Toutefois, si les grandes compagnies de transport se font rares, des minibus parviennent encore à entrer dans la ville, soit en empruntant des voies détournées, soit sous escorte militaire sur certains tronçons.
Manque de moutons pour le sacrifice
Cette paralysie des transports a des conséquences directes sur la filière du bétail, pourtant essentielle pour le sacrifice rituel de la Tabaski. En raison du blocus, les éleveurs et commerçants des zones pastorales peinent à acheminer leurs bêtes vers Bamako, qui est le principal marché du pays.
Le coût du transport d’un mouton vers la capitale, qui oscillait habituellement entre 2 500 et 2 750 francs CFA (environ 4 euros), a explosé cette année, atteignant 15 000 à 18 000 francs CFA (entre 22 et 27 euros), explique Alassane Maïga, un transporteur. La conséquence est immédiate : le mouton, animal central du sacrifice en mémoire du geste d’Abraham, est devenu rare et excessivement cher, dans un pays où le salaire minimum s’élève à 40 000 francs CFA (60 euros).

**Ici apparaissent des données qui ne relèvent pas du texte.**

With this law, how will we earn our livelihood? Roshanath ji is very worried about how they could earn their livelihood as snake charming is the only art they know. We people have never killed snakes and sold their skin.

« Beaucoup de camions transportant des moutons ont été incendiés par les jihadistes… Normalement, j’avais plus de 1 000 têtes, mais aujourd’hui, je n’en ai pas une seule », témoigne Hama Ba, un vendeur à Bamako. Iyi, qui cherche désespérément un bélier à un prix abordable, soupire : « Les moutons que nous achetions à 75 000 francs CFA (114 euros) se vendent à 300 000 francs CFA (457 euros) cette année. Avant, nous avions un large éventail de choix, mais aujourd’hui, le mouton est introuvable à Bamako. »

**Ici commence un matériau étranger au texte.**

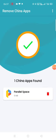Slowly remove Chinese apps from your mobile. I will provide the link of this app in the description section. Thank you, God bless you all.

Coupures électriques et pénuries d’eau
À la crise sécuritaire s’ajoute une dégradation préoccupante des services essentiels à Bamako. La capitale subit des délestages électriques massifs et prolongés, accompagnés de graves pénuries d’eau potable. Le « Selifini », la tenue de fête traditionnelle, tarde à être confectionnée chez les couturiers, qui peinent à honorer leurs commandes en raison des fréquentes coupures d’électricité.
La société Énergie du Mali, qui dépend principalement de centrales thermiques fonctionnant au fioul et au diesel, rencontre des difficultés majeures pour retrouver un approvisionnement normal en gazole, directement impacté par le blocus. « Nous avons bien essayé d’installer un petit panneau solaire, mais il ne peut malheureusement pas remplacer le courant », déplore Alou Diallo, un couturier de Bamako.
De plus, les ménages s’inquiètent de leur capacité à conserver les produits alimentaires pour la fête. « Comment allons-nous stocker la viande sans électricité ? Acheter un mouton à un prix exorbitant pour risquer de perdre la viande en 24 heures à cause des coupures de courant est une véritable angoisse », s’inquiète une mère de famille du quartier périphérique de Sirakoro.
Ces derniers jours, les autorités maliennes ont annoncé l’arrivée de plusieurs centaines de camions-citernes de carburant à Bamako, une nouvelle qui suscite un mince espoir.